Impact of platelet glycoprotein Ibalpha Kozak polymorphism on risk of ischemic cerebrovascular events

Abstract number: P0387

Hsieh K., Unger P., Endler G., Reisinger M., Janisiw M., Lalouschek W., Lang W., Mannhalter C.

University of Vienna, Austria

Background  

Primary hemostasis and platelet activity have been shown to play a central role in arterial thrombosis resulting in myocardial infarction or ischemic stroke. Platelet adhesion to the vascular wall and platelet aggregation are initiated by the interaction of platelet glycoproteins (GPIa, GPIbalpha, GPIIb/IIIa), collagen and von Willebrand factor (vWF). Recently, a T/C polymorphism in the Kozak sequence of the GPIb gene has been identified. In individuals carrying the CC genotype an increased number of GPIb molecules on the platelet surface has been reported. In contrast, an increased platelet agreeability under high shear stress has been observed in TT carriers. To assess the importance of this genotype for the development of stroke, we performed a case-control study on 1364 Austrian individuals.

Patients and methods  

A total of 430 patients with ischemic stroke or transient ischemic attack (TIA) from the Vienna stroke registry (age: median 53, interquartile range: 45–57 years; 278 men, 152 women) and 924 healthy controls (45, 37–54 years; 478 men, 446 women) were analyzed for the prevalence of the Kozak T/C polymorphism using a mutagenically separated PCR.

Results  

The genotype distribution in the control population was 71.2% for T/T, 27.3% for T/C, and 1.5% for C/C, whereas in patients it was 76.0% T/T, 20.8% T/C, and 3.2% C/C. C/C allele carriers were rare and were therefore not considered as separate group in the analyses. We observed a significant difference in the prevalence of T/T between patients and controls in a univariate recessive model (OR 1.4, 95% CI: 1.1–1.9, P = 0.016).
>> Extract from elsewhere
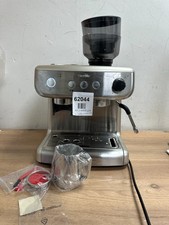 Breville VCF126 Barista Max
The association of the T/T genotype with stroke remained significant also after adjustment for conventional risk factors (hypertension, diabetes mellitus, body mass index, age (in quintiles), hyperlipidemia, sex, and smoking) (adjusted OR: 1.5, 95% CI 1.1–2.1, P = 0.018).

Conclusion  

We conclude from our data that carriers of the TT genotype in the GP Ib gene are at higher risk to develop ischemic events compared to C/T carriers. This is in line with our previous observation that in T/T carriers collagen-epinephrine induced Closure Time is significantly shorter under high shear stress.